Secrets in This Chapter
Using the Command-Line FTP Client
Using a Graphical FTP Client
Learning the vsftpd Configuration Files
Understanding the /etc/vsftpd.ftpusers File
Learning the Key Features of Anonymous FTP
File Transfer Protocol (FTP) is a popular client/server software for transferring files from one system to another. If you have an ISP account that provides you with a home page, you've probably used FTP to upload your Web pages to the ISP's server. Using an FTP client, you log in to your ISP account and copy the files from your home system to the ISP's server.

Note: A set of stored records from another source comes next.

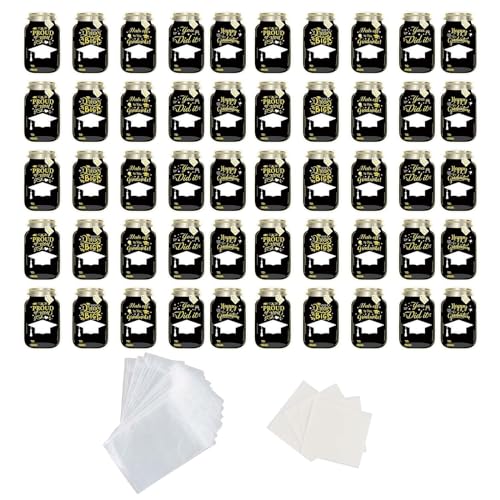 MEIBAOGE Packung mit 50 Stück Party-Nachrichtenflaschen, Klassenzimmer, Austauschkarten für Studenten, Abschlussfeier, Grußkarten, Geburtstagskarte, ca. 22,9 x 38,1 cm, wie abgebildet MEIBAOGE Packung mit 50 Stück Party-Nachrichtenflaschen, Klassenzimmer, Austauschkarten für Studenten, Abschlussfeier, Grußkarten, Geburtstagskarte, ca. 22,9 x 38,1 cm, wie abgebildet von MEIBAOGE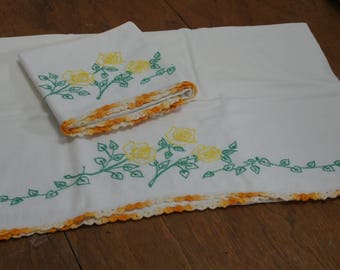 Vintage Bedding Re-Mix Embroidered Pillowcase Set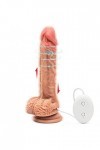 Godes pour Femme Realiste Penis Va Et Vient Ventouse, Godemichet Silicone Souple pour Homme Anale Canne de Massage, Peau Gode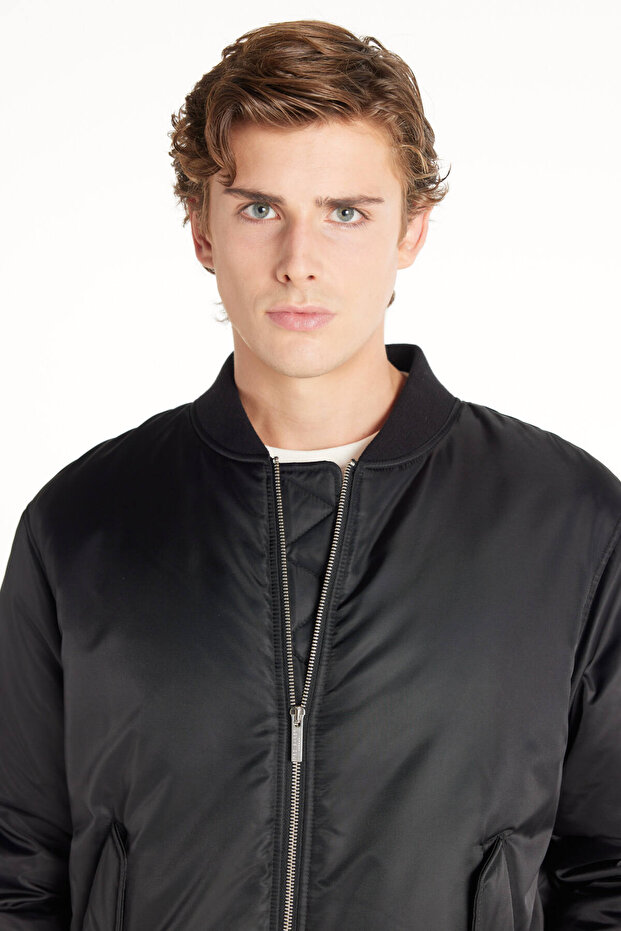 SİYAH OVERSİZE BOMBER MONT - 5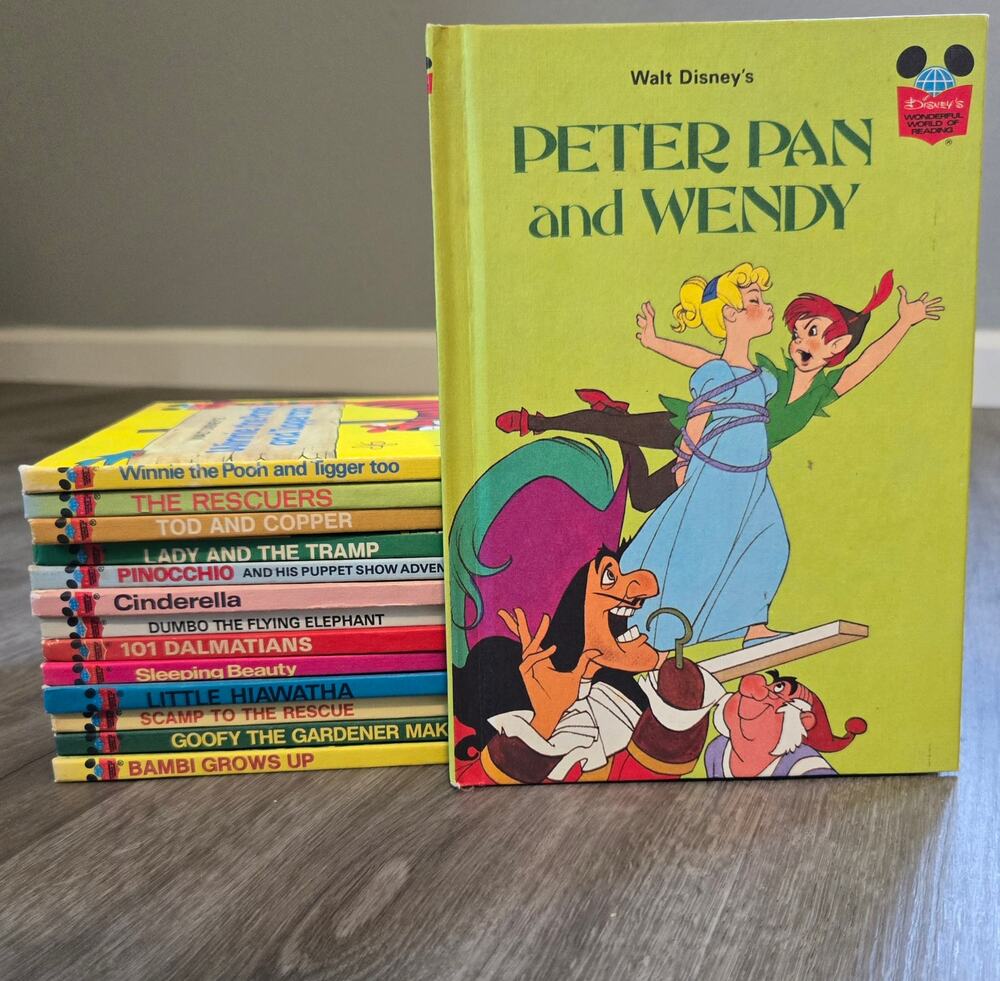 Vintage Walt Disney Wonderful World Of Reading Story Book Classics Lot of 14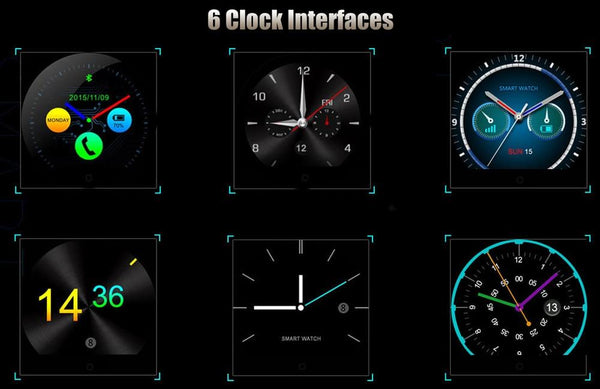 New Bluetooth Smart Watch 2.5D HD IPS Screen Sleep Heart Rate Monitor IP54 Water-Resistant Smartwatch For Android IOS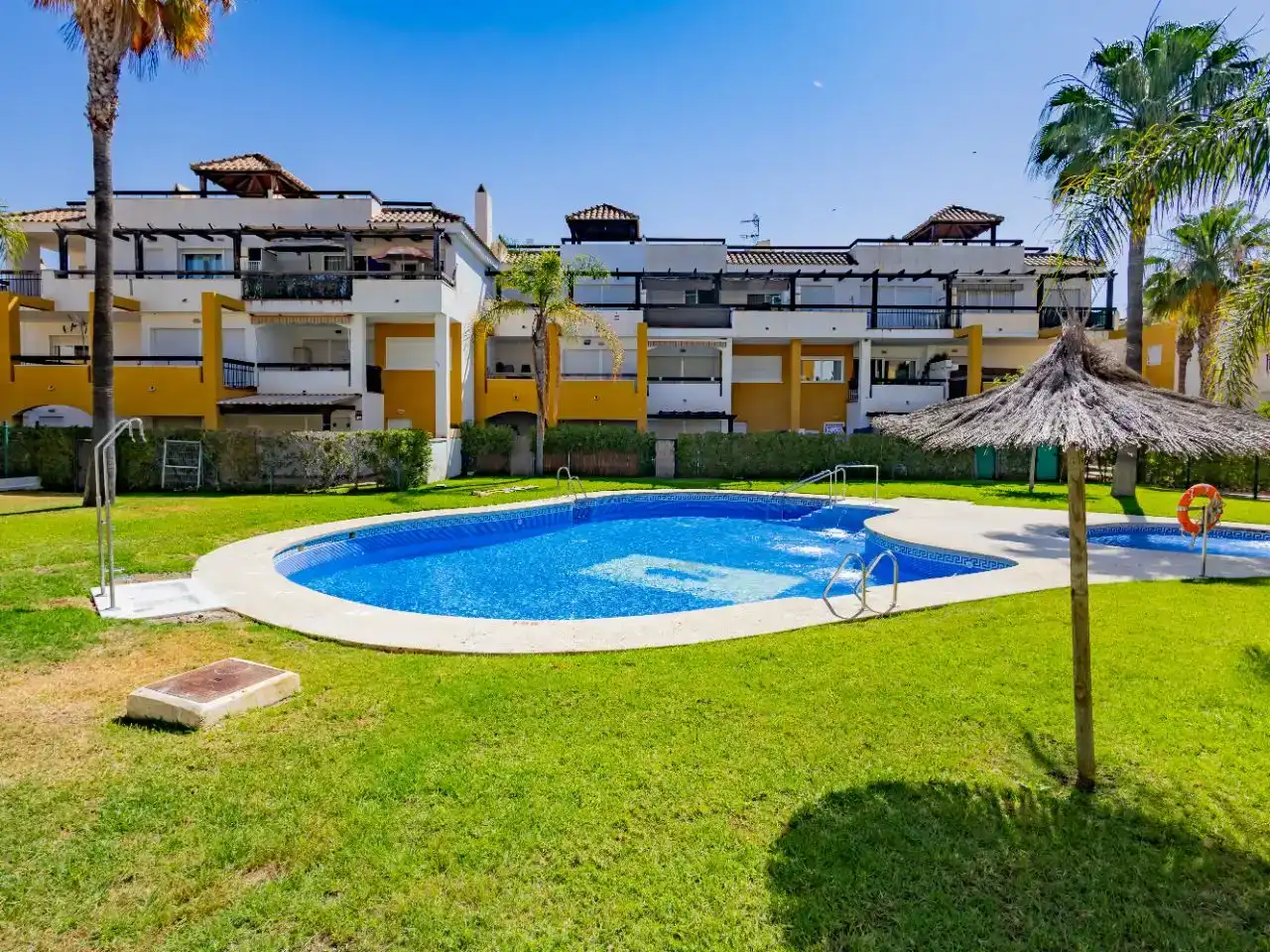Exterior view of Flat for sale in Vera  with Air Conditioner, Private garden and Parquet flooring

You can also use FTP to download other files, such as open source software from Internet hosts. In this case, you don't need an account on the remote system. You simply log in using the anonymous user name and provide your email address as the password. This is called anonymous FTP. If you want to enable others to download files from your system by using FTP, you can set up anonymous FTP on your system so that users can log in with the user name 'anonymous.'
Red Hat Linux comes with several FTP clients and the Very Secure FTP daemon (vsftpd), written by Chris Evans. Red Hat Linux also includes a package called anonftp that sets up the files you need to support anonymous FTP. This chapter introduces you to a few FTP clients and, for the command-line FTP client, describes the commands you use to work with remote directories. It also shows you how to configure the FTP server through text configuration files and how to control access to the FTP server. Finally, this chapter describes anonymous FTP-how it's set up and how to ensure that it's secure.